[note: dumb website...everything Satan says is supposed to be in bold. Gah. Whatever.]1
Chapter One: Hellbent2
“Up, ya sons of dogs! Come on come on, keep movin’!”
They stumbled over the hefty chains that bound their ankles. Whips cracked on shredded backs, cries, moans, screams, sang their stinging chords. They were unyielding as days, months, years, passed. How long would they be here? How long had they been already? There was no possible way to tell, or to find out. They would be here forever, forever bleeding, burning, in this horrific place known as Hell.
The rocks crowned the hollow basin, a green-eyed storm always brewing close overhead from some distant place. Time and time again, white lightning would cleave the sky, leaving red scars to map the atmosphere- had anyone but the lost sheep been here, they would have immediately leapt for cover, with an almost certain notion of the effort being hopeless. This was, of course, assuming they hadn’t already fled from the hissing geysers of flame or the multitude of nasty torturers that were currently employed there.
As the blackened clouds swirled dangerously overhead, wicked fire exploded from the ground below their feet. One moment you were pondering the physics of such heavy clouds swirling for centuries while there was no trace of wind, and the next you were being thrown into a chasm of hellfire, the ground below you exploding with almost no warning at all.
One of the residents, a drained boy looking in his teens, had done just that.
“Alright, up, boyo,” came a glowering voice from behind him. “Don’t got all day for you to bum around.” He climbed out of the magma, flesh dribbling off his bones before slowly healing over. He was wincing now, placing one hand on his arm, wishing it was cold. The hiss slipped by his ears again.

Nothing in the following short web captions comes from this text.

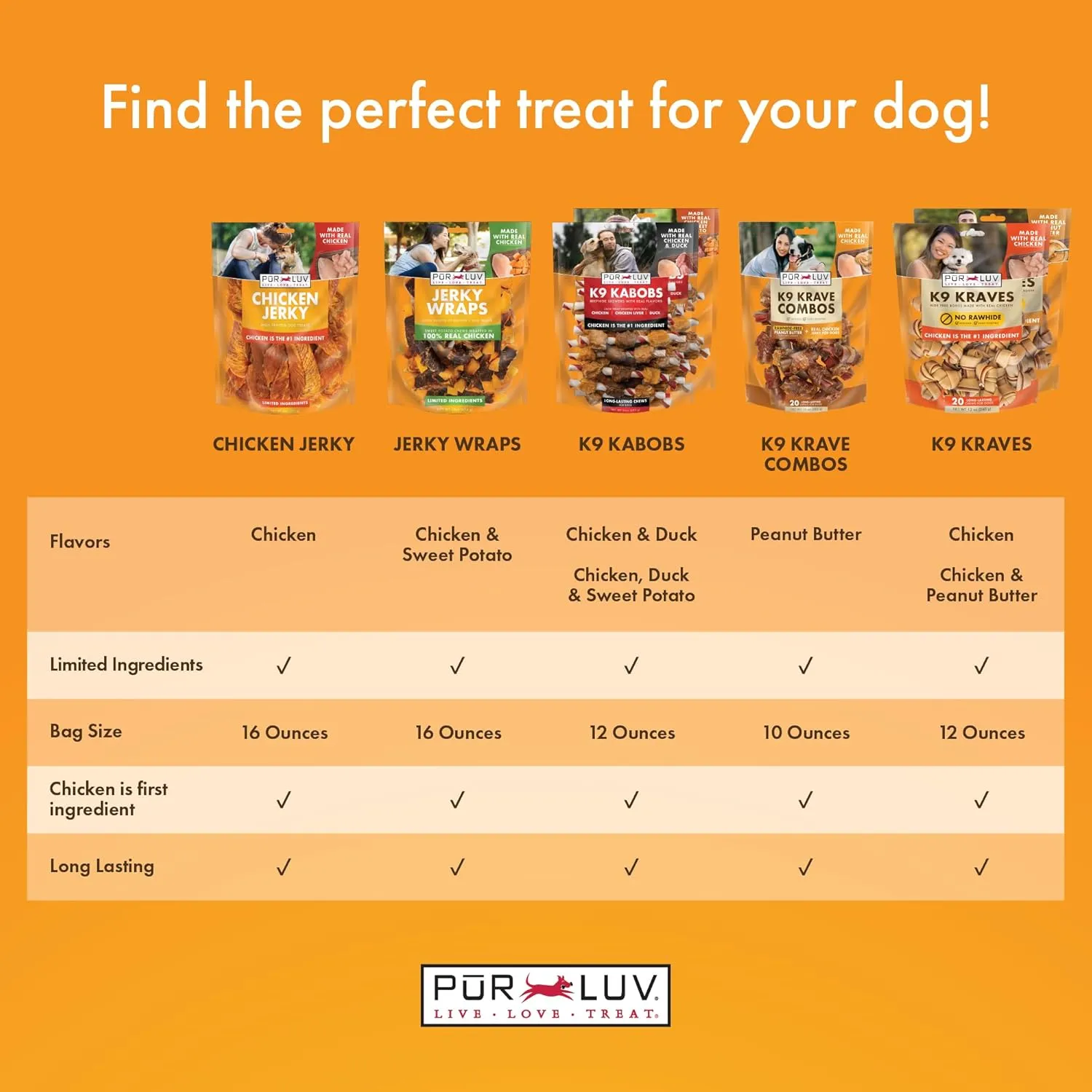 Dog Treats, Chicken & Sweet Potato Jerky Wraps, Made with Real Chicken, 16 Ounces, Rawhide Free, Healthy, Easily Digestible, Long Lasting, High Protein Dog Treat, Satisfies Dog's Urge to Chew
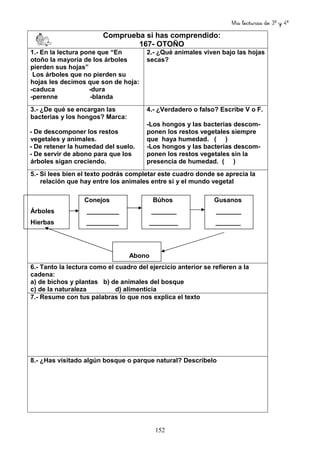 Mis lecturas de 3º y 4º
152
Comprueba si has comprendido:
167- OTOÑO
1.- En la lectura pone que “En
otoño la mayoría de los árboles
pierden sus hojas”
Los árboles que no pierden su
hojas les decimos que son de hoja:
-caduca -dura
-perenne -blanda
2.- ¿Qué animales viven bajo las hojas
secas?
3.- ¿De qué se encargan las
bacterias y los hongos? Marca:
- De descomponer los restos
vegetales y animales.
- De retener la humedad del suelo.
- De servir de abono para que los
árboles sigan creciendo.
4.- ¿Verdadero o falso? Escribe V o F.
-Los hongos y las bacterias descom-
ponen los restos vegetales siempre
que haya humedad. ( )
-Los hongos y las bacterias descom-
ponen los restos vegetales sin la
presencia de humedad. ( )
5.- Si lees bien el texto podrás completar este cuadro donde se aprecia la
relación que hay entre los animales entre si y el mundo vegetal
Conejos Búhos Gusanos
Árboles _________ _______ _______
Hierbas _________ ________ _______
Abono
6.- Tanto la lectura como el cuadro del ejercicio anterior se refieren a la
cadena:
a) de bichos y plantas b) de animales del bosque
c) de la naturaleza d) alimenticia
7.- Resume con tus palabras lo que nos explica el texto
8.- ¿Has visitado algún bosque o parque natural? Descríbelo
 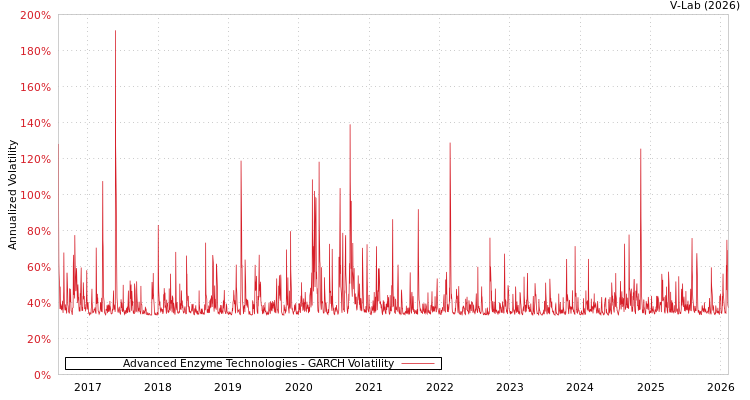 graph of Advanced Enzyme Technologies GARCH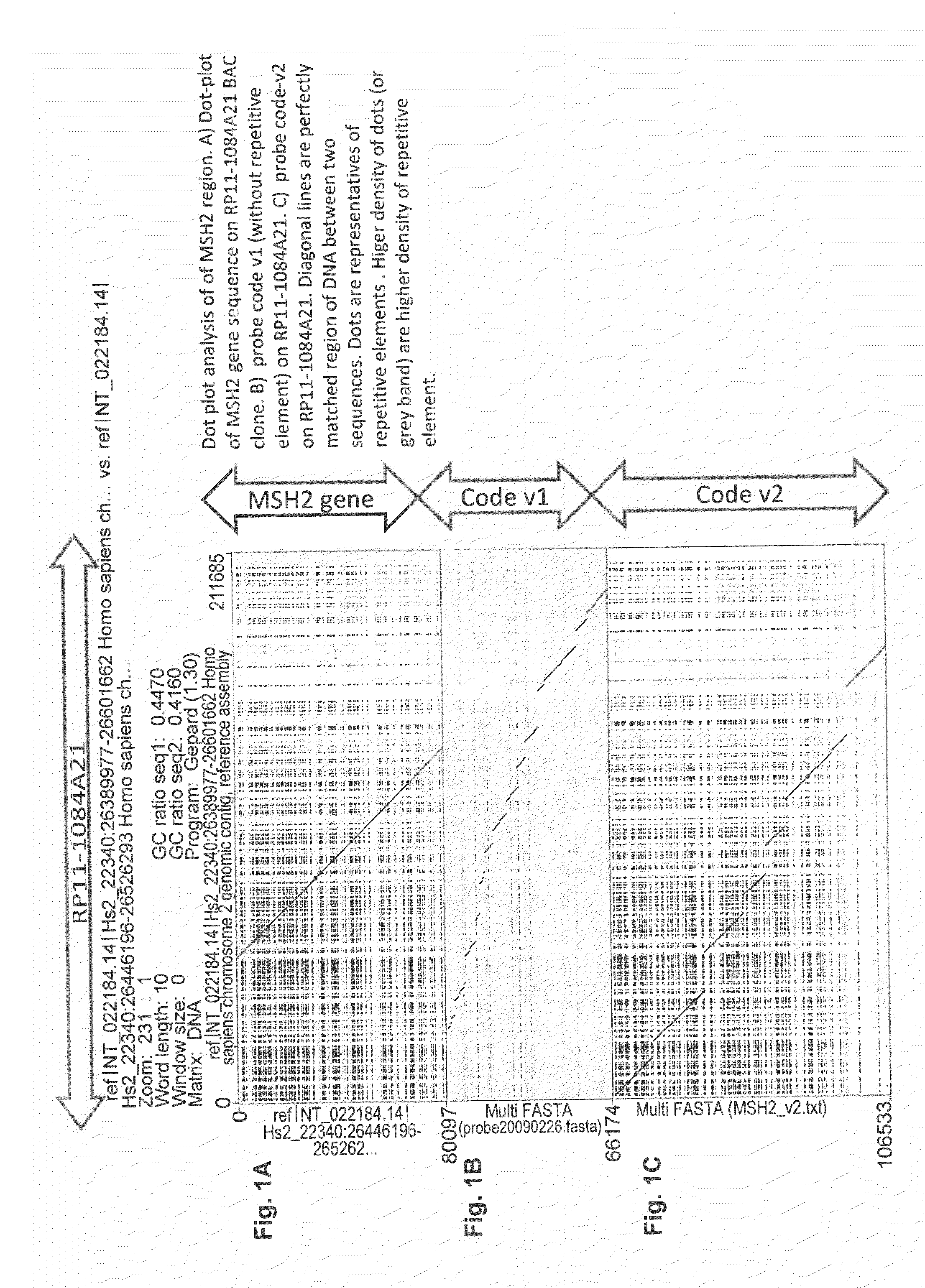 Method for identifying or detecting genomic rearrangements in a biological sample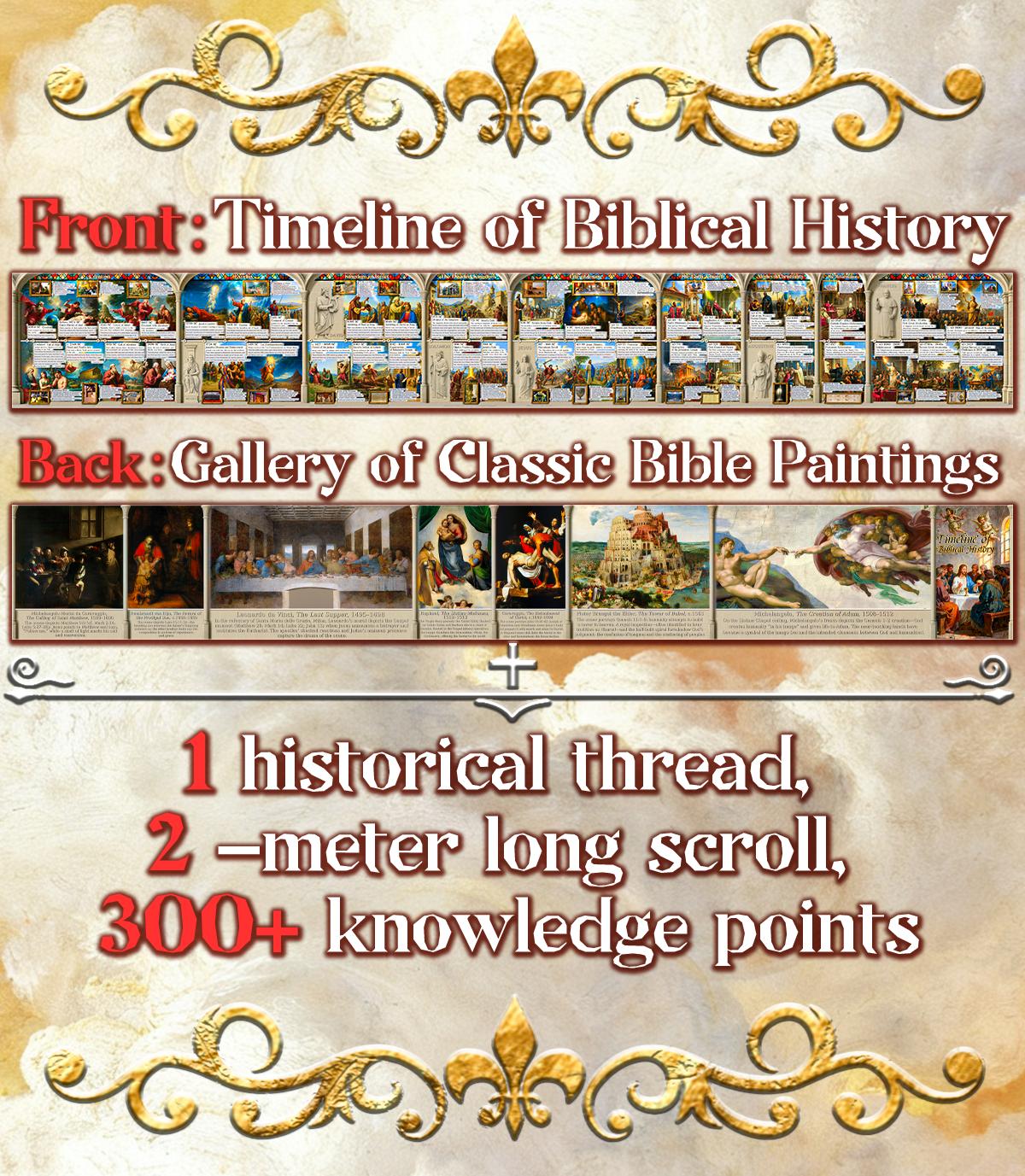 Biblical History Timeline Scroll Bible Timeline Chart Christian Wall Art 2 Meter Illustrated Scripture Timeline from Genesis to Revelation Bible Study Poster Religious Educational Chart Home Classroom Decor Christian Gifts for Men Women Families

“Felt good, di’nit? Haw.” More of that detested sneer.
It was one of the many vulture-like demons that patrolled the place, carrying thorned whips and laughing terribly at all the soul’s fates. They were always amused, always somehow making Hell even more detestable.
It chuckled at the boy’s red flesh and torn back with merriment. He raised the whip to strike yet again.
Preparing himself, Dundalis roared in his mind, eyes narrowing as he looked back at the beast. It was only another feeling. Another sparse moment to endure.
As the whip fell, he screamed the saying to himself in his mind. It’s the only thing that ever kept him going, knowing the pain would go away for a moments rest. Unfortunately, this pattern usually turned into a cycle.
No, no…he couldn’t think like that. He couldn’t stand the torturous melody of this place, the screaming and the groaning, the fire and the blackness- he had to fight back.
It wouldn’t work. If anything, it would just hold them off for a few seconds. It might make things interesting, anyway.
He spun on the hooded, clawed, vulture and pounced. All at once, a wall of flame separated him from the demonic creature like a blockade. Mid-leap, the flames went screaming upwards and threw him violently back. His stomach churned at the sound of his own teeth clenching in agony, distracting the screams and yelps of the sinners around him.
The fire had a tendency to pick sides.
Damn this place, Dundalis thought loudly, heavily. Damn this terrible, wicked evil place.
The vulture men hawed with humor. They could hear his thoughts, yet another way to make torture all the more worse.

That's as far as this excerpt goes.